I got an email about Amanda Hocking, basically saying “You’ve got a great blog and lots of twitter followers and a cool book. Why didn’t this happen to you?” And I was like “No shit. Where is my million dollars?” And then we had a laugh. Well, I laughed. You have to get lucky, really. That’s the truth of the matter. Over at Moby Lives today they’re talking about Hocking and about how she fundamentally gets that she’s very lucky and that her luck could run out at any minute, so she’s got to plug away while people care.
The author of the Moby Lives post says this:
The fact is Amanda Hocking has to work harder and longer than a typical writer because she also has to publish the books. Sure, Amazon is now a powerful publicity force working for her and probably a source of some of the anti-publisher spin being put out there, but at the end of the day it is Hocking that has to shoulder the management of her books. It is she that must look over the copy one last time or write to a new editor, media outlet and probably now translators.
And I have to say that, at the end of the day, that’s how I feel about A City of Ghosts and what I was not capable of doing for the book. I couldn’t manage it well enough, even with all my particularly relevant knowledge and experience. Unlike many authors, I have a good idea of all the things that need to be done, and I just could not do them well enough on my own. Which is not to say that I’m not incredibly proud of A City of Ghosts. I am and I really love that book.
But I had this idea that “self-publishing” was going to be heavy on the “self.” Doing it, I realized, it’s really heavy on the “publishing.” I could have done all the things I enjoyed for the rest of my life–writing the book, reading it to people, doing interviews about it, etc. But I’m not wired to be a publisher and that part I think I flubbed, in retrospect. Here’s how little I enjoyed it. I wrote what I think is a lovely book that I KNOW does not have the audience it deserves. And I can’t bring myself to find a way to do the things that might fix that. I haven’t even hit my goal of selling 333 copies.
I don’t feel like that’s a failure on my part, really. I think that’s why people need–I need–a publisher. I know when my book was on the table at Southern Festival of Books, people who browsed it bought it. And yet, I had no feasible way of putting it into bookstores.
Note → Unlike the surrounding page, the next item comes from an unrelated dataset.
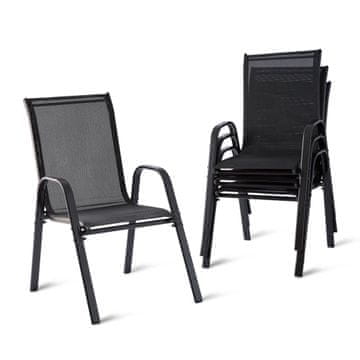 Northix Zložljivi vrtnarski naslanjači z visokim naslonjalom, zračna tkanina, kovinski okvir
No way for other browsers to find it by happy accident. And I don’t see that really changing for most self-published authors any time soon.
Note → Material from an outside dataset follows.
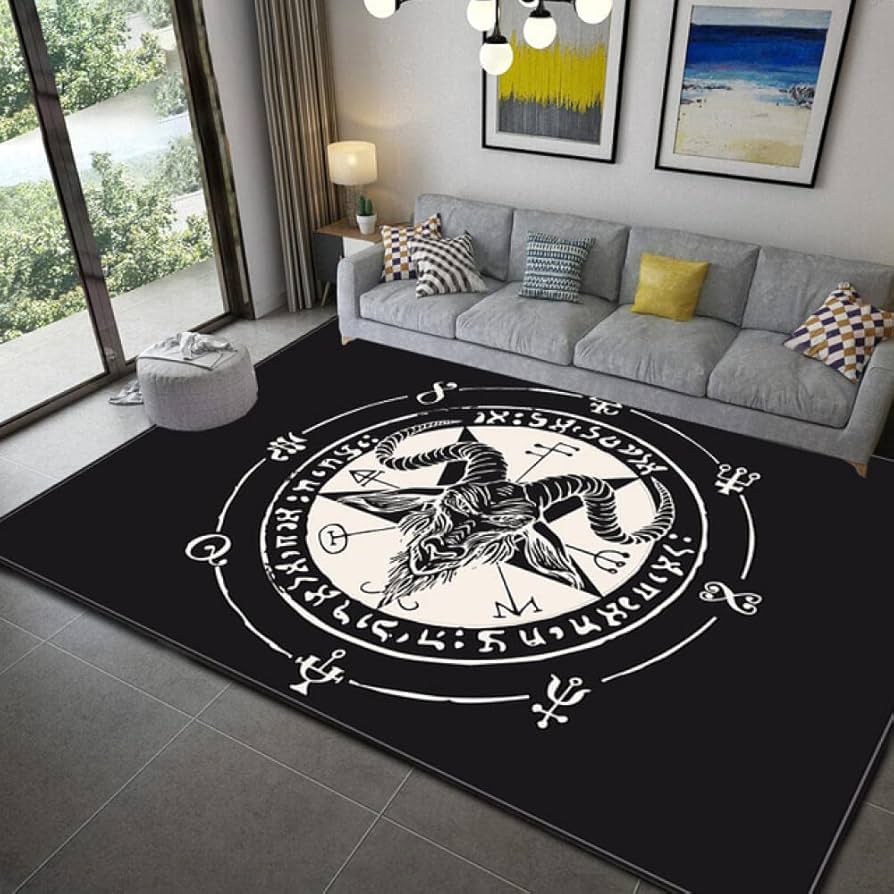 satanic rug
But, hey, it’s sold so few copies that, if at some point, some publisher does stumble across it and want to actually launch it, my few sales won’t hurt their potential market.
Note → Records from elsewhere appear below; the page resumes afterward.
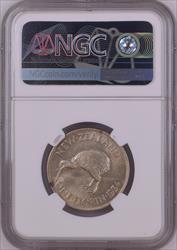 W New Zealand 1934 1 Florin NGC MS 63, 5716751026 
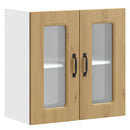 Küchen-Hängeschrank Mit Glastür Artisan-Eiche Holzwerkstoff Eiche Handwerklich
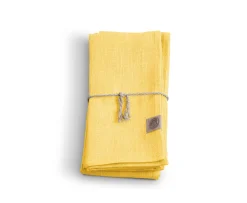 Lovely Linen Classic Servett Linne Lemon 4-Pack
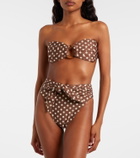 Montce Vivian Paula polka-dot bikini bottoms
Anyway, I was sitting in the car last night, under a street light in a parking lot back between Nolensville Road and the train tracks, and I was reading a paper copy of the new novel, with my pen out, fixing things that are easier to see on paper than on screen, and I was overcome with delight. This, I thought, this is the kind of thing that makes me feel like a writer, sitting in my car, in the dark, in a place not nearly as seedy as it should be, crossing things out and shoving new things in.
The Defibulators were playing on Music City Roots, some songs that sounded almost broken apart and reconstituted by sheer strength of fiddle and it was weird music, for sure, but fun. And it made me feel good about the manuscript that’s been riding around in my car for two weeks, accumulating ink. It’s weird, for sure, but fun, as well. I don’t know who will read it or if they will like it.
But nothing makes me happier than writing it.
I really feel like blogging gave me this, that being able to practice writing here, has freed me up to do something weird there. They say that, if you want to be a writer, just write. And blogging has allowed me to do that, to clock the hours, enjoyably, necessary to learn to write.
Does it work? I’m not sure. But I do think it’s weird and fun. And there’s pooping. On church people. In church. So, between that and the butt-sex with the Devil? My dad can never read it.
And, soon, we’ll learn how to find an agent. Whew, that should be a mess of sucky excitement. Ha ha ha.